Kardemir Çelik, sürdürülebilir yatırım vizyonu ile küresel rekabette öne çıkıyor
Sanayi yolculuğuna 1968 yılında Denizli’de ilk üretim tesisi ile başlayan Kardemir Çelik, bu gün 7 üretim merkezinde imal ettiği kaliteli çelik ile Türkiye ve globalde öne çıkan markalar arasına girmeyi başarmıştır. Ege Bölgesi’nin 10’uncu büyük sanayi kuruluşu ve Türkiye’nin 500 büyük sanayi kuruluşu arasında 110’uncu sırada yer alan ve 110 ülkeye ihracat yaptıklarını söyleyen Kardemir Çelik Yönetim Kurulu Üyesi Özlem Bakırel ile gerçekleştirdiğimiz keyifli röportajda şirketin 2025 vizyonunu hedeflerinin yanı sıra Türkiye ve dünyada sektörün geleceğini konuştuk.
Firmanızı kısaca tanıtıp, demir-çelik sektöründeki faaliyetlerinizden bahseder misiniz?
Sektör yolculuğumuz 1968 yılında, kurucumuz, rahmetli babamız Nevzat Karalp’in önderliğinde Denizli’de günde 2 ton kapasiteli küçük bir işletmeyle başladı.
Bugün İzmir Aliağa’da bulunan bir fabrikamızda elektrikli ark ocağıyla hurdadan kütük demiri yani sıvı çelik üretimi yapıyoruz. Diğer bir fabrikamızda kangal filmaşin ve inşaat demiri üretmekteyiz.
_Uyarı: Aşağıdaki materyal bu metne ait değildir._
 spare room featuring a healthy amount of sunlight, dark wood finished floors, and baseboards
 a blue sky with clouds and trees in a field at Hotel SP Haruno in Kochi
“110’dan fazla ülkeye ihracat gerçekleştiriyoruz”
İzmir Aliağa’da 2 adet Profil Fabrikamızda ve ile Denizli’de bulunan Profil Fabrikamızda profil demiri üretiyoruz. Aynı zamanda hava ayrıştırma tesisi, toz toplama tesisi, karbon üretim tesisi, rüzgâr ve güneş enerjisi santralleri sayesinde yeşil enerjiyle son nihai ürüne kadar üretim gerçekleştiren çok yönlü bir şirketiz. Ege Bölgesi’nin 10’uncu büyük sanayi kuruluşuyuz. Türkiye’nin 500 büyük sanayi kuruluşu arasında ise 110’uncu sırada yer alıyoruz. 110’dan fazla ülkeye gerçekleştirdiğimiz ihracatla Türkiye’nin en büyük 1000 firması sıralamasındaki konumumuzu da her geçen yıl güçlendiriyoruz.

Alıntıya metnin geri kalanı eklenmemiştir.